### Task objective:
Output the records exactly, and drop each picture.
*** Opening of Supplied data ***
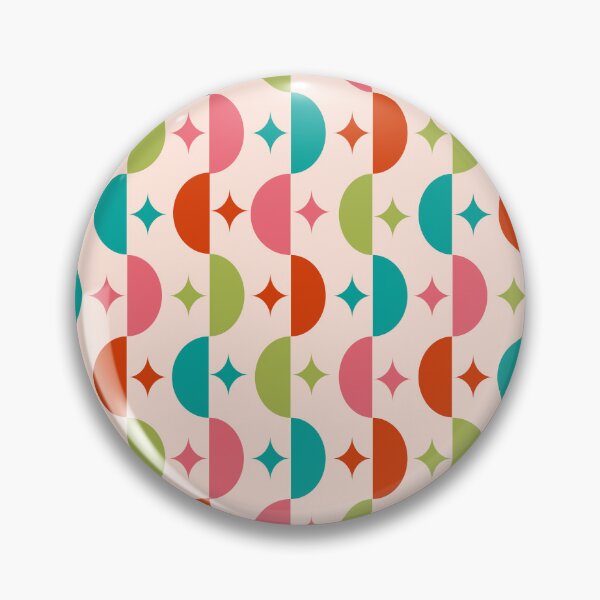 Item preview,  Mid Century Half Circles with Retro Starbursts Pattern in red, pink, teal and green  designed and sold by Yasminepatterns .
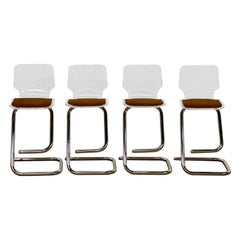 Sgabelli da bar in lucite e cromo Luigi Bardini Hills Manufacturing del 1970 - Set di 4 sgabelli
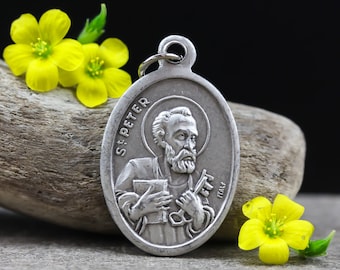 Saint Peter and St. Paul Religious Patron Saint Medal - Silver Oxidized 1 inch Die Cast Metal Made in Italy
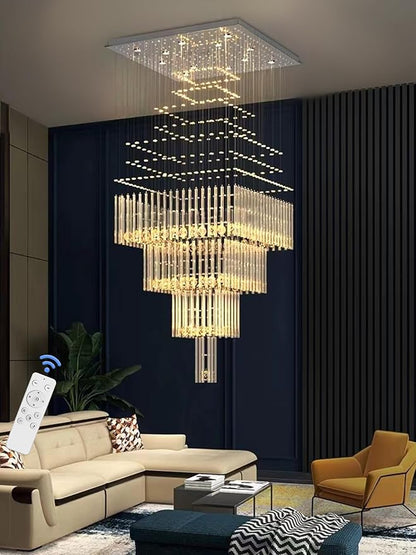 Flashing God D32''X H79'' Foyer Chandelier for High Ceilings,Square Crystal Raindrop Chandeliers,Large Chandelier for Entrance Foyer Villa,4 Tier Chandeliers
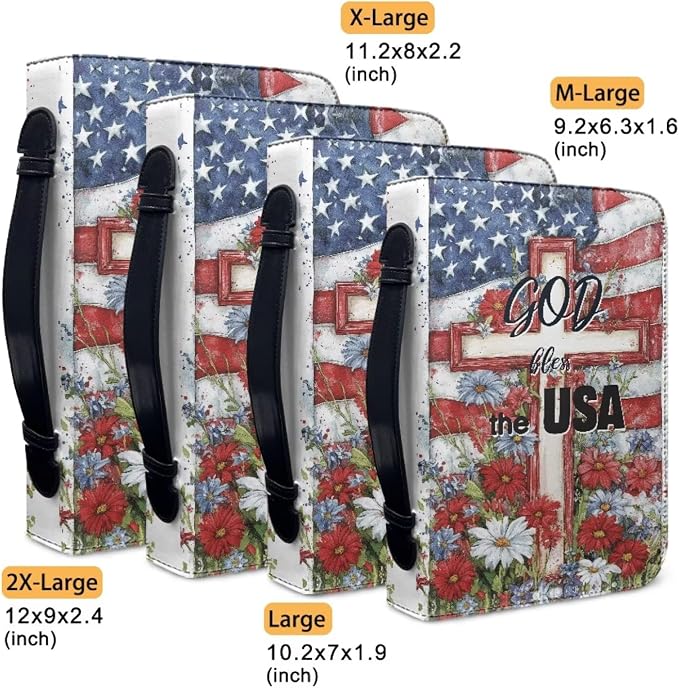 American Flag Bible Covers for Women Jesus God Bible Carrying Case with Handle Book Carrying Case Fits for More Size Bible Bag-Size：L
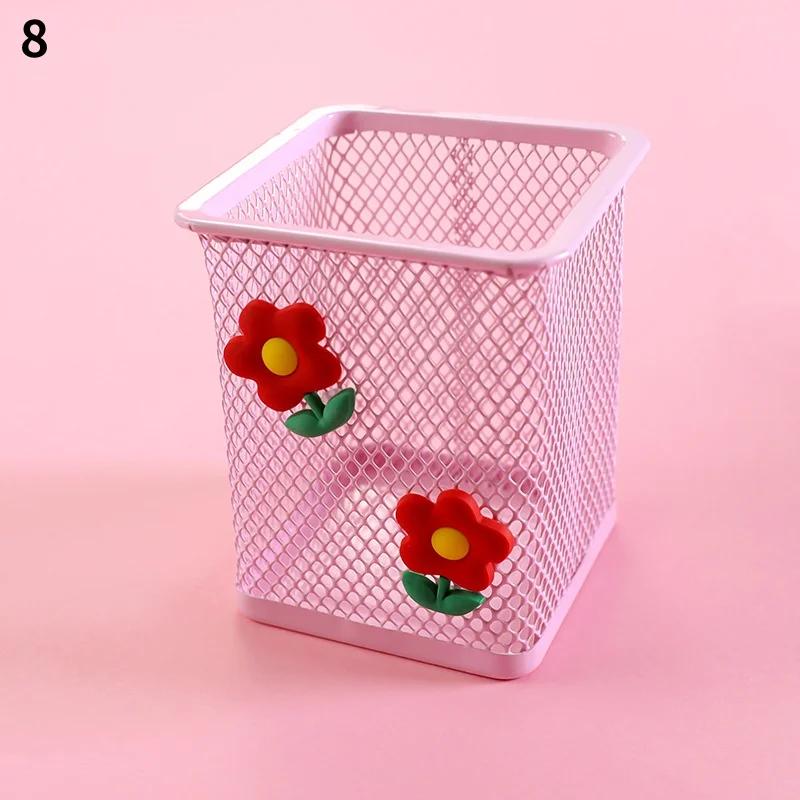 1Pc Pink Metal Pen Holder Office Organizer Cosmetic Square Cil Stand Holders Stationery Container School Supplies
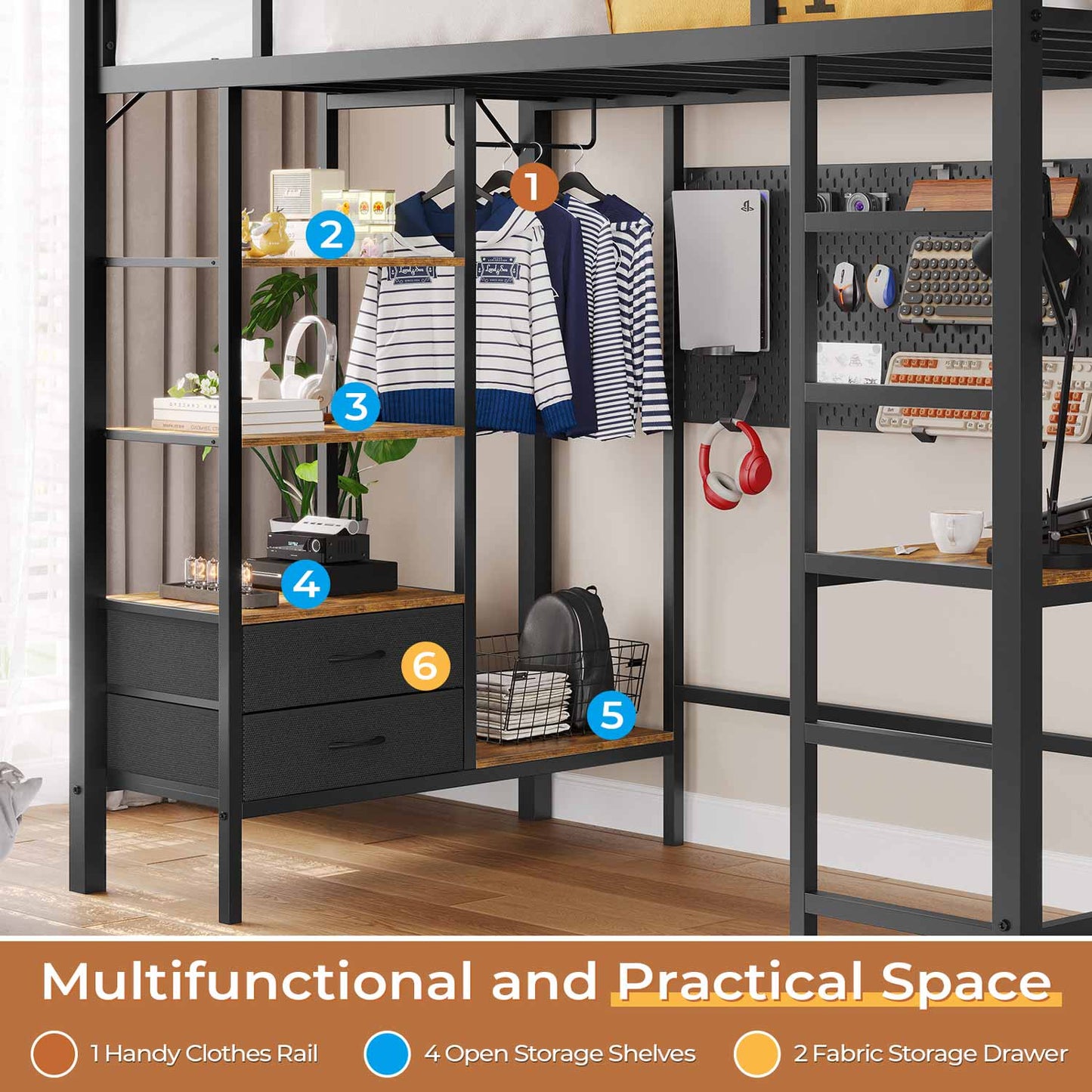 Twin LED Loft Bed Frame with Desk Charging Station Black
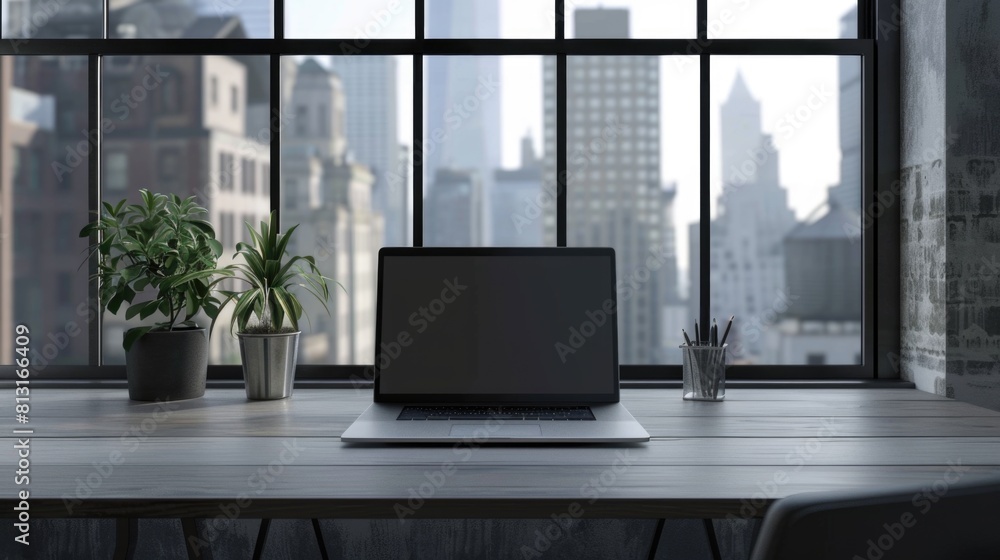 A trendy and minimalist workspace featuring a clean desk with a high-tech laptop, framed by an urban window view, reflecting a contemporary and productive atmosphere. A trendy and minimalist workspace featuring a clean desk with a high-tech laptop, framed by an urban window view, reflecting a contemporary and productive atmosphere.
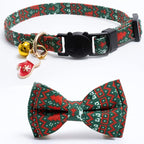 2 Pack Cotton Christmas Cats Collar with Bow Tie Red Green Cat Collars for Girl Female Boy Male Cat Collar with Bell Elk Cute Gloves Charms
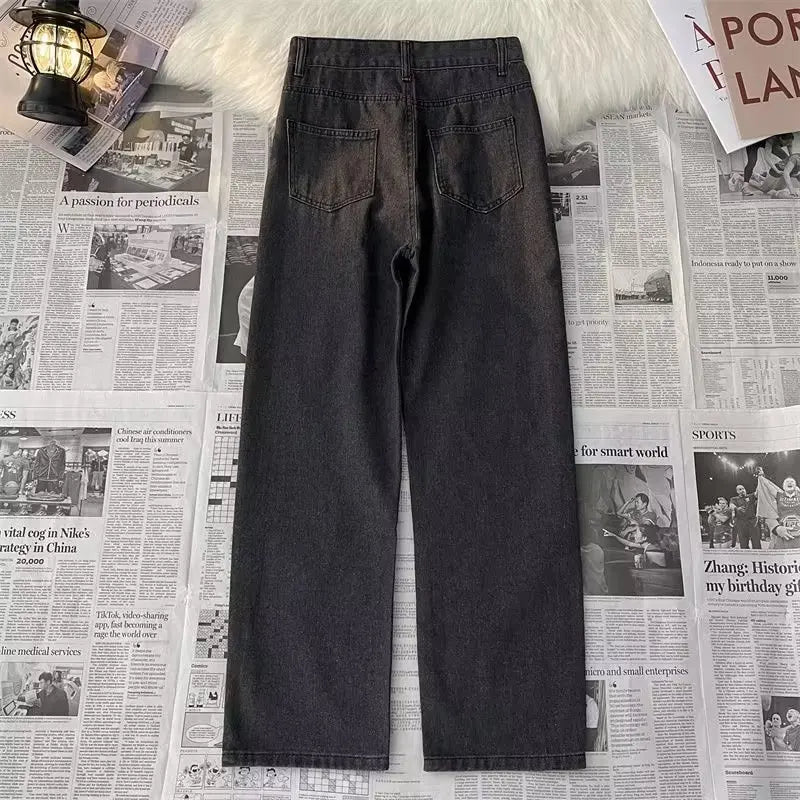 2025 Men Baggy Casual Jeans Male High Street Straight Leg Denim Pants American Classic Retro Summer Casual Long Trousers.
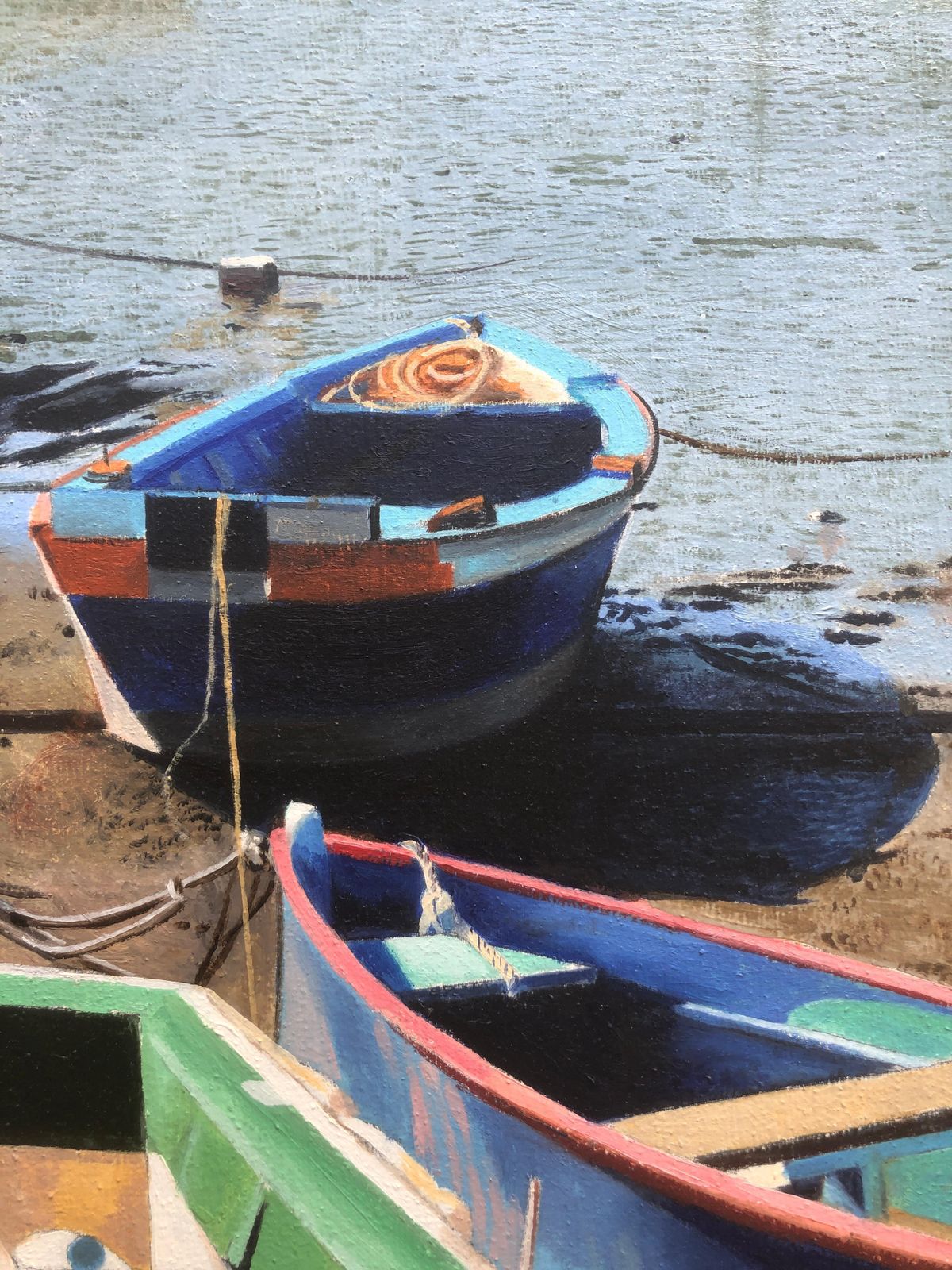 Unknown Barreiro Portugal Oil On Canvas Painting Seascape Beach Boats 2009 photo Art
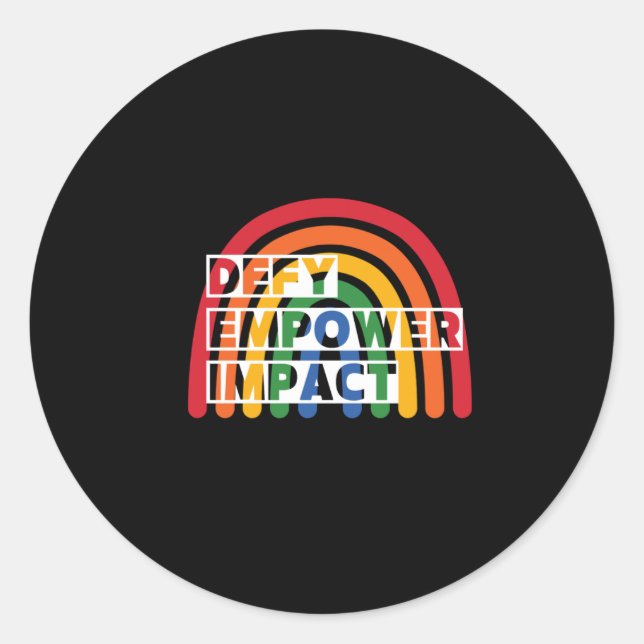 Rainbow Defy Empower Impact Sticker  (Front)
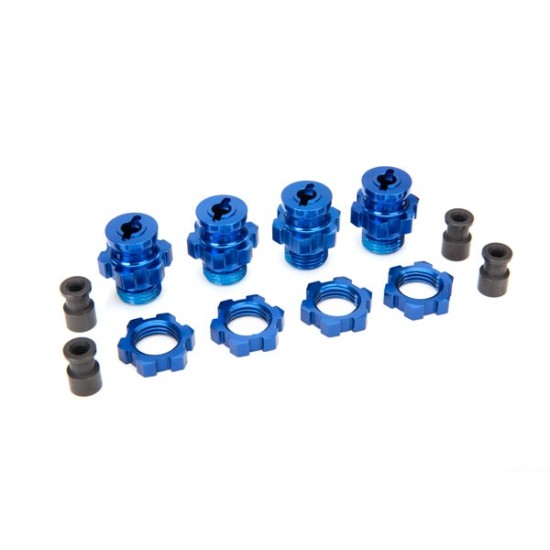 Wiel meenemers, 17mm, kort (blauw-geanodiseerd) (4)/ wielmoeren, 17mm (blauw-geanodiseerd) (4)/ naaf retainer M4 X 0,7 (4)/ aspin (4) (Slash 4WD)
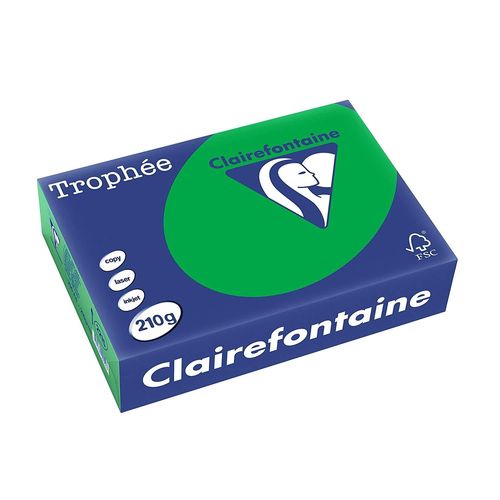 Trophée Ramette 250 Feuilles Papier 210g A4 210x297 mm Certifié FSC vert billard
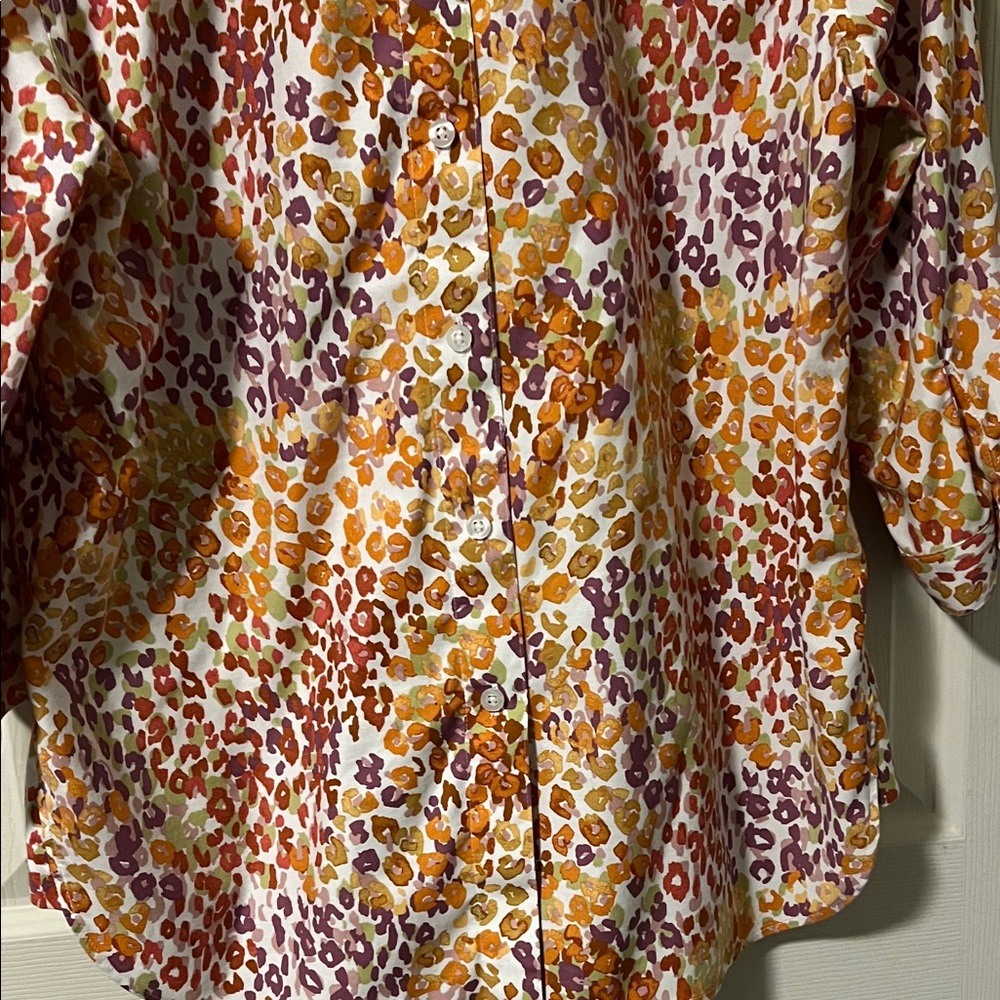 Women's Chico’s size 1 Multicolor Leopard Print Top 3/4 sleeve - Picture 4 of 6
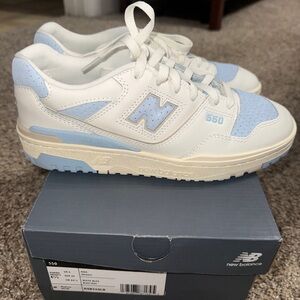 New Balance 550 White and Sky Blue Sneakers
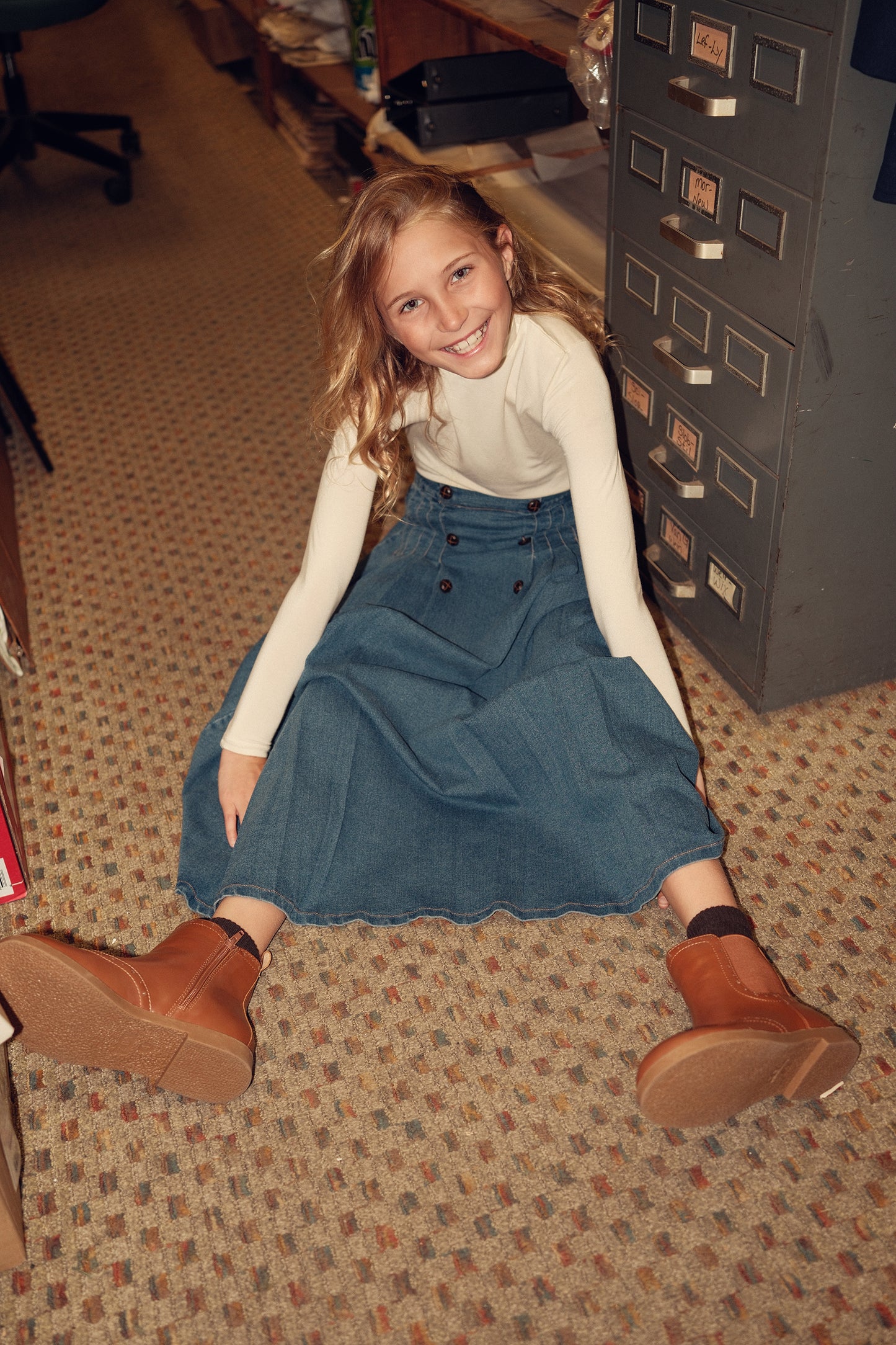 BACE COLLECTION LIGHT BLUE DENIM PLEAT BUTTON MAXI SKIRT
*** Close of Supplied data ***
### The answer:
 Item preview,  Mid Century Half Circles with Retro Starbursts Pattern in red, pink, teal and green  designed and sold by Yasminepatterns .
 Sgabelli da bar in lucite e cromo Luigi Bardini Hills Manufacturing del 1970 - Set di 4 sgabelli
 Saint Peter and St. Paul Religious Patron Saint Medal - Silver Oxidized 1 inch Die Cast Metal Made in Italy
 Flashing God D32''X H79'' Foyer Chandelier for High Ceilings,Square Crystal Raindrop Chandeliers,Large Chandelier for Entrance Foyer Villa,4 Tier Chandeliers
 American Flag Bible Covers for Women Jesus God Bible Carrying Case with Handle Book Carrying Case Fits for More Size Bible Bag-Size：L
 1Pc Pink Metal Pen Holder Office Organizer Cosmetic Square Cil Stand Holders Stationery Container School Supplies
 Twin LED Loft Bed Frame with Desk Charging Station Black
 A trendy and minimalist workspace featuring a clean desk with a high-tech laptop, framed by an urban window view, reflecting a contemporary and productive atmosphere. A trendy and minimalist workspace featuring a clean desk with a high-tech laptop, framed by an urban window view, reflecting a contemporary and productive atmosphere.
 2 Pack Cotton Christmas Cats Collar with Bow Tie Red Green Cat Collars for Girl Female Boy Male Cat Collar with Bell Elk Cute Gloves Charms
 2025 Men Baggy Casual Jeans Male High Street Straight Leg Denim Pants American Classic Retro Summer Casual Long Trousers.
 Unknown Barreiro Portugal Oil On Canvas Painting Seascape Beach Boats 2009 photo Art
 Rainbow Defy Empower Impact Sticker  (Front)
 Wiel meenemers, 17mm, kort (blauw-geanodiseerd) (4)/ wielmoeren, 17mm (blauw-geanodiseerd) (4)/ naaf retainer M4 X 0,7 (4)/ aspin (4) (Slash 4WD)
 Trophée Ramette 250 Feuilles Papier 210g A4 210x297 mm Certifié FSC vert billard
 Women's Chico’s size 1 Multicolor Leopard Print Top 3/4 sleeve - Picture 4 of 6
 New Balance 550 White and Sky Blue Sneakers
 BACE COLLECTION LIGHT BLUE DENIM PLEAT BUTTON MAXI SKIRT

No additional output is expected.